Porta Susa, 4 aprile, ore 8 del mattino. Veniamo allertati dalla Centrale del 118 per un incidente occorso nella stazione di Porta Susa a Torino. Una ragazza giovanissima, facente parte di un gruppo di altri studenti del liceo musicale di Vercelli, nel quale si recano ogni giorno, viene travolta e uccisa dal treno regionale in arrivo.
Gruppi di ragazzi, in un giorno qualsiasi, tutti uniti da quel viaggio, dalle chiacchiere sulla loro vita, sulle lezioni, sulla loro comune passione, la musica. Genitori che hanno appena dato il bacio di saluto ai loro figli, qualcuno li ha accompagnati al binario. Insegnanti anche loro pendolari, con una storia già intrecciata con quei ragazzi. Altri, saliti a Porta Nuova, salutano dal finestrino. E’ un attimo e una giovane vita scompare sotto i loro occhi.
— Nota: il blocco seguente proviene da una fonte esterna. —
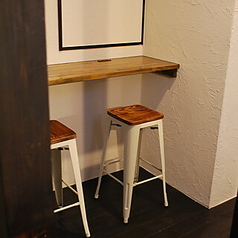 お一人様でもご利用しやすいカウンター席。【コンセント・漫画完備】※カフェスペースは2階にございます。階段のみのご案内となりますので、ご来店の際はお足元にお気をつけてお越しください。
Accorse, che cosa abbiamo fatto? Ci siamo strette attorno ai genitori della ragazzina, increduli, sgomenti. Siamo state vicine ai ragazzi mentre rilasciavano la loro deposizione alla Polfer. Abbiamo scambiato sguardi, solleciti, collaborativi, con la Polizia, a loro volta padri e madri di famiglia. Abbiamo parlato con le insegnanti. Abbiamo fatto un piano di sostegno allargato, che potesse accompagnare tutti i protagonisti di questa tragedia nel percorso dei loro dolori. Perchè i dolori sono singoli, personali, ma anche collettivi.